Ook hier tekent zich een verschil tussen de auteurs af. Aarnoud lijkt ruim de rouw voorbij. ‘De markt heeft ons niet geholpen (…) What’s in it for me? is de vraag die een consument stelt, maar niet de vraag die een gelovige zou moeten stellen.’
Dat geeft de kerk de mogelijkheid terug te keren naar haar bronnen die, verrassend genoeg, in een maatschappelijke dorst lijken te voorzien.
Gerrit en Martijn zijn er overduidelijk wel rouwig om. Ook vertrouwen zij allerlei theologische maskeringen niet, zoals een kleine rest die terugkeert naar de bron. Dat is nostalgisch. Het zal erom gaan de kerk te bewaren als een plek waar resonantie kan worden ervaren: transcendentie.
Dat valt niet te organiseren en het is ook niet verbonden met een specifieke vorm van kerk-zijn. Begrippen als resonantie, wachten, spass machen worden genoemd. En dat lijken eerder receptieve dan actieve termen. Daarom:
Stelling 5
In de kerk van de toekomst moet de geestelijk leider vooral op zijn en haar handen zitten.
Niet zonder ironie constateren de auteurs dat zij uitgerekend in de drukke kersttijd reageren op mijn stellingen: ‘In de kerstperiode is de ontkenning van de krimp in de kerk misschien nog wel het sterkst …’ (GvD, MvL). Toch mag deze stelling op algehele instemming rekenen.
Een belangrijke nuance brengen zij aan in de manier waarop de geestelijk leider op zijn en haar handen zit.
‘De term “resonantie” is voor mij het aristotelische midden tussen activisme en passiviteit. Het sluit ook aan bij mijn eigen ervaring.
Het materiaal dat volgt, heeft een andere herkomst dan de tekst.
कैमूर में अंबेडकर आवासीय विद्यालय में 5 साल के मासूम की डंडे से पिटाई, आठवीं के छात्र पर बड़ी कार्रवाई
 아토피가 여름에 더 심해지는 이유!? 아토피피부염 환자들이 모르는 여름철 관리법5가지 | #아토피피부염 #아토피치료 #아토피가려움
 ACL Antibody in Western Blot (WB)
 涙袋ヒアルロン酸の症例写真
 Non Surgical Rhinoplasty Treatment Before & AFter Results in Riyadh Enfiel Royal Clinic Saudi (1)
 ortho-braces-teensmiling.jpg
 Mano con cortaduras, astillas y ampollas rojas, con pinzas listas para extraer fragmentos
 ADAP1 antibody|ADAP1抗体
Dingen die niet zijn gelukt de afgelopen jaren, zijn dingen die ik achter mijn bureau had bedacht. Dingen die wel zijn gelukt, waren dingen waarbij ik reageerde op vragen en opmerkingen van anderen. Dus ja, op je handen zitten, maar dan wel met je oren en ogen extra goed open.’ (AvdD).
Voor de andere auteurs is dit op je handen zitten eerder een soort wachtlopen, compleet met een wachtwoord waarbij de gemeente op elk moment zou kunnen opveren.
Opnieuw: dit valt niet te organiseren maar het vraagt wel om een intensieve houding. ‘We blijven hoopvol, vooral omdat het niet van ons afhangt.’
Evert Jan de Wijer is predikant in De Thomas te Amsterdam.
Aarnoud van der Deijl, De toekomst van de kerk. Essay vol rouw en hoop. Skandalon, Middelburg 2023.
Gerrit van Dijk, Martijn van Leerdam, Krimp. Waarom de kerk naar de haaien gaat maar wij toch hoopvol zijn. KokBoekencentrum, Utrecht 2023.